**Collected data:**
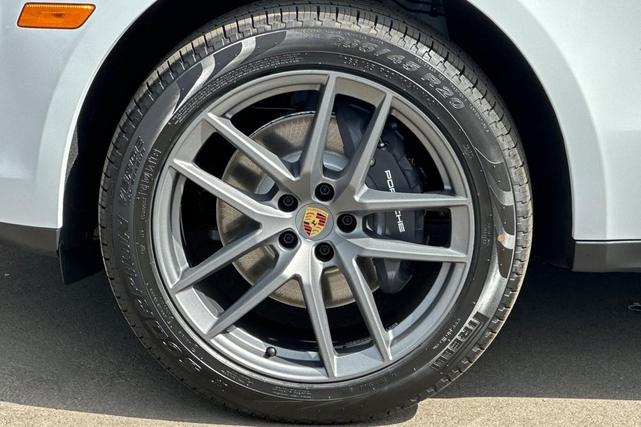 Photo of 2026 Carrara White Metallic Porsche Macan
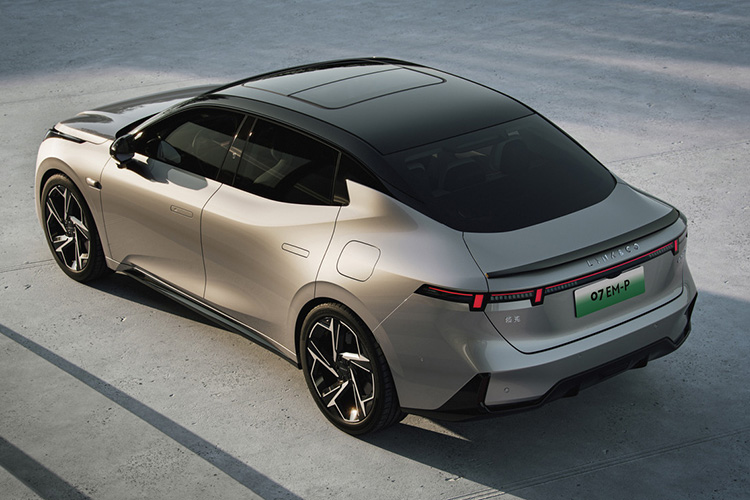 Lynk & Co 07
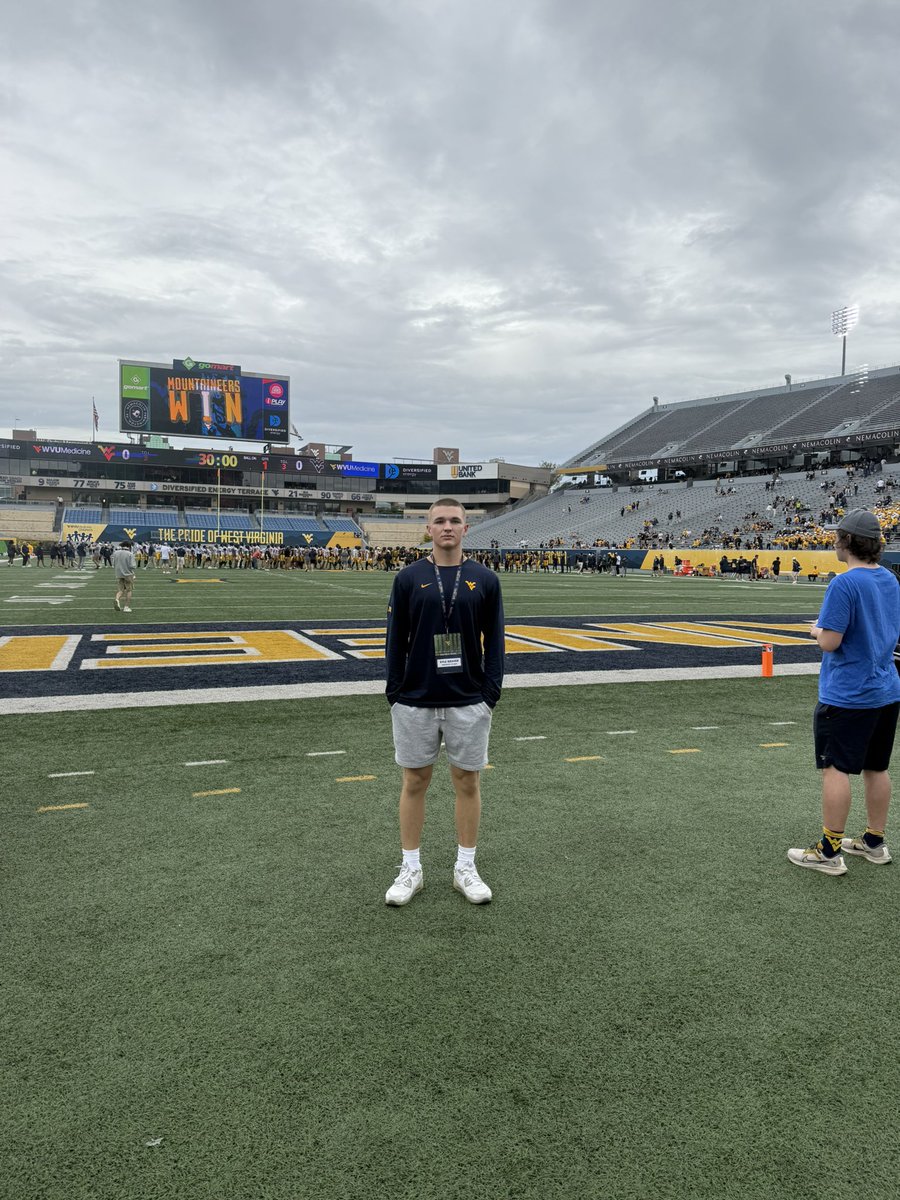 Thank you <a href="/WVUfootball/">West Virginia Football</a> for today’s Spring Game invite! Had a great time and experience. <a href="/CoachSnyderUHS/">Eric Snyder</a> <a href="/Coach_Lawless/">Coach Dustin Lawless</a> <a href="/Coach_Wolfley/">Stone Wolfley</a> <a href="/uhshawksfb/">universityhawksfootball</a> <a href="/PrepRedzoneWV/">Prep Redzone West Virginia</a> <a href="/OhioValleyPreps/">Ohio Valley Preps</a> <a href="/CoalfieldsCo/">Coalfields & Co.</a>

**Problem description:** What's needed is a word-for-word retyping of the listing, minus its pictures.

**Exercise response:**
 Photo of 2026 Carrara White Metallic Porsche Macan
 Lynk & Co 07
 Thank you <a href="/WVUfootball/">West Virginia Football</a> for today’s Spring Game invite! Had a great time and experience. <a href="/CoachSnyderUHS/">Eric Snyder</a> <a href="/Coach_Lawless/">Coach Dustin Lawless</a> <a href="/Coach_Wolfley/">Stone Wolfley</a> <a href="/uhshawksfb/">universityhawksfootball</a> <a href="/PrepRedzoneWV/">Prep Redzone West Virginia</a> <a href="/OhioValleyPreps/">Ohio Valley Preps</a> <a href="/CoalfieldsCo/">Coalfields & Co.</a>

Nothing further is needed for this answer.